[Start of Attachment]

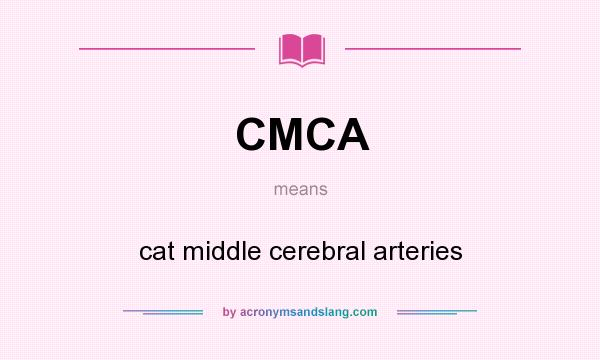 What does CMCA mean? It stands for cat middle cerebral arteries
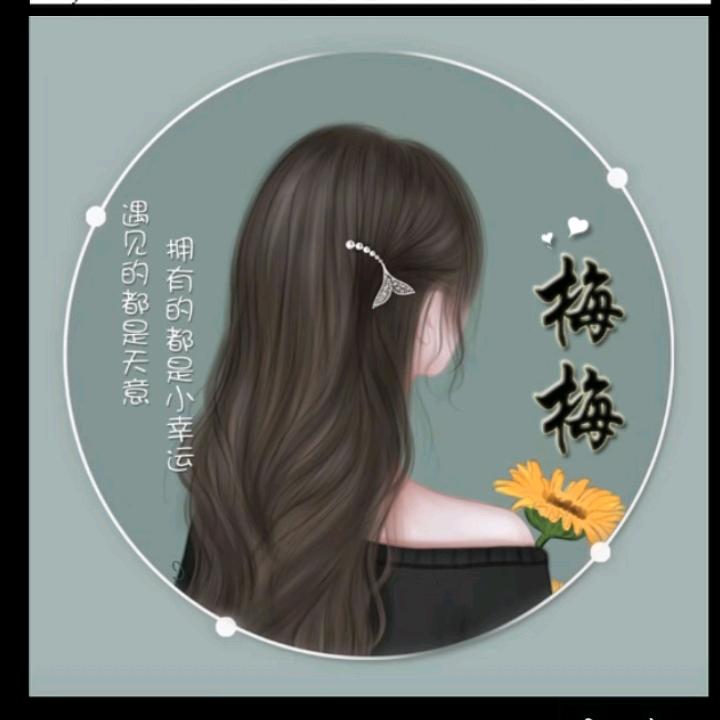 冰雪寒梅168
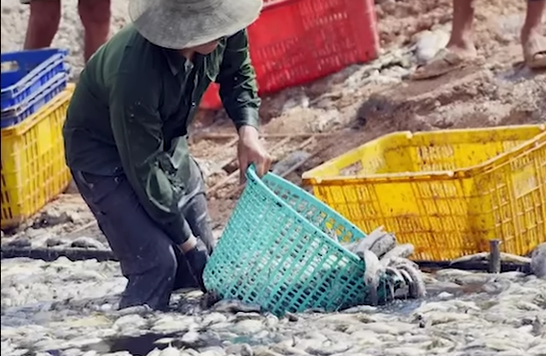 民眾涉水協助清理魚屍。圖/取自Báo Tuổi Trẻ 官方《YouTube》頻道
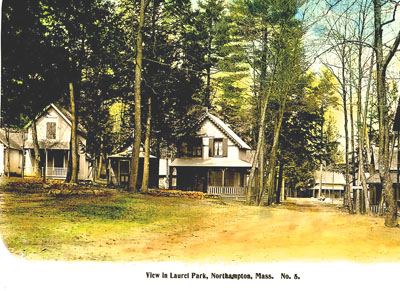 Cottage in forest
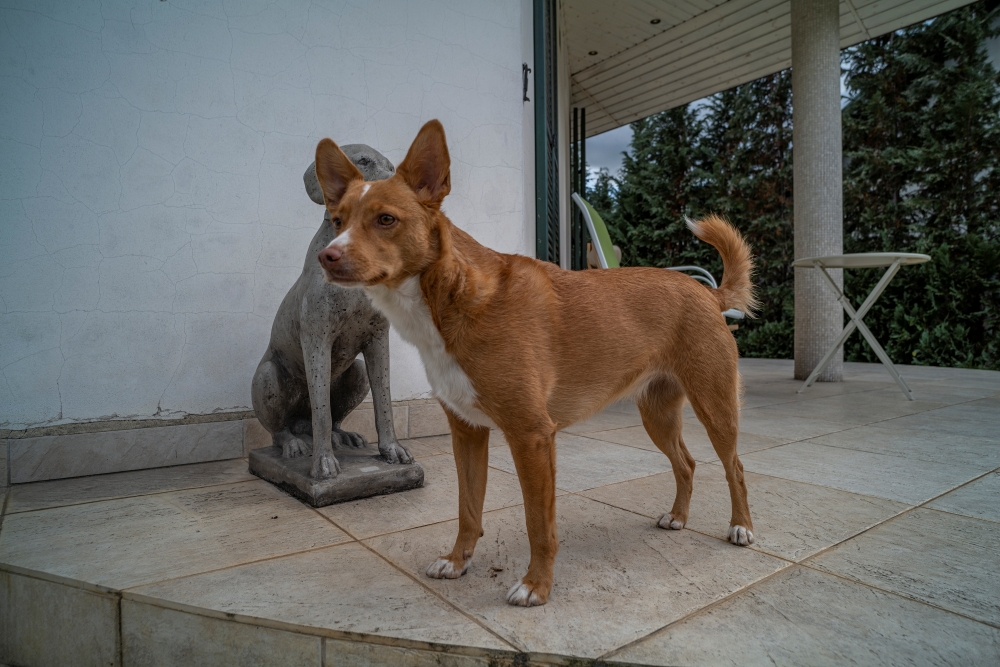 TTArtisan M 21mm F1.5 ASPH Panasonic Lumix S1R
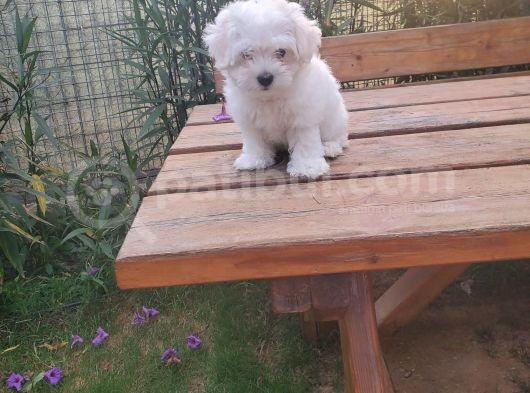 Maltipoo Erkek Yavrularımız görsel
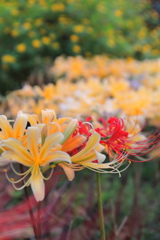 秋の花達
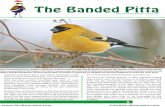 Welcome to irdtour Asia’s 2014 festive newsletter, a look Reports/Birdtour Asia Newsletter... · Welcome to irdtour Asia’s 2014 festive newsletter, a look ... provinces visited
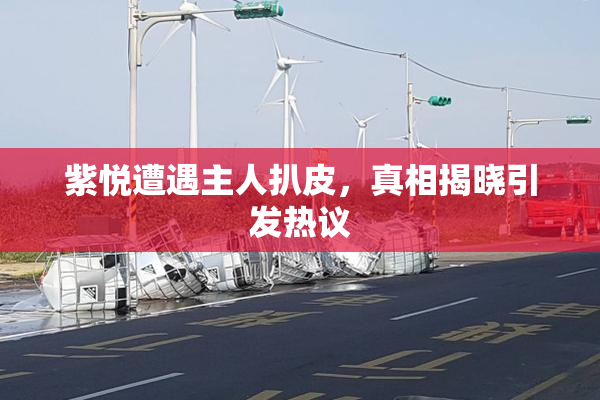 紫悦遭遇主人扒皮，真相揭晓引发热议
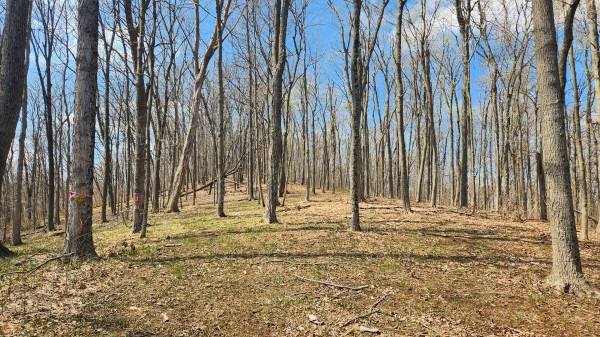 Tract 4 - Pike Lake Getaway property photo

[End of Attachment]

Problem requirements – In your answer, copy exactly the lines running from the line with "look ... provinces visited" to the end of the material above, both included, and omit all pictures.

Solution to this task –
 Welcome to irdtour Asia’s 2014 festive newsletter, a look Reports/Birdtour Asia Newsletter... · Welcome to irdtour Asia’s 2014 festive newsletter, a look ... provinces visited
 紫悦遭遇主人扒皮，真相揭晓引发热议
 Tract 4 - Pike Lake Getaway property photo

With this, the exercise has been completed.